Getting Workplace Overwhelm Under Control:

Phrases like “getting hit with one thing after another,” “I’m barely keeping my head above water,” and “don’t feel like I’m getting anything done” are all used to describe the sense of overwhelm. These are common things to hear within the workplace. Getting workplace overwhelm under control is important. Here are some ways to help deal with those feelings.

Design Your Week – A good first step is to gain control of your schedule. Think about what the ideal week would be and start from there. Some common things to include in a weekly schedule are getting together with friends, planning healthy meals, exercising, designating one night a week to work late, and more relaxation. Looking at a schedule by week, rather than day, is an easier way to gain control since a single day is much more likely to get derailed from the unexpected.
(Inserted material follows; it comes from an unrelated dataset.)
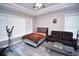 Bedroom with a bed, sofa, exercise equipment, and a West Virginia Mountaineers logo at 1455 Whooping Crane Dr., Conway, SC 29526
Create a Shutdown Routine – Often feeling overwhelmed makes people focus on what is left to do rather than everything that has already been accomplished. Establishing a routine that recognizes progress and brings the workday to a close. It could be something simple like taking a few minutes to write down what has been completed during the day. Others like to closeout the day by cleaning their desk, reviewing their calendar for the next day. The most important part of the shutdown routine is making sure not to worry about work after the routine is completed.

Give Yourself a Break – When feeling overwhelmed, it can be hard to justify taking a break. Many people feel like they can’t take a break if there is more work to be done especially if they feel behind. However, taking a small break is actually more beneficial then continuing to power through all the work. Giving your brain and body a break is valuable. Creating a break list, in the same fashion as a to do list, is a good practice. A comprehensive break list can be broken down into five categories: micro breaks, moving breaks, nature breaks, social breaks, and mental breaks. Examples of these types of breaks are taking a five minute walk every hour, walk to the kitchen to refill an empty water bottle, meet a friend for a quick coffee or walk, have a quick 5-10 minute catch up phone call, or simply step away from the computer or desk.

By incorporating these into a routine greatly helps getting workplace overwhelm under control. While the amount tasks that need to be completed may not decrease, feelings of stress and anxiety should decrease and make the workplace more enjoyable.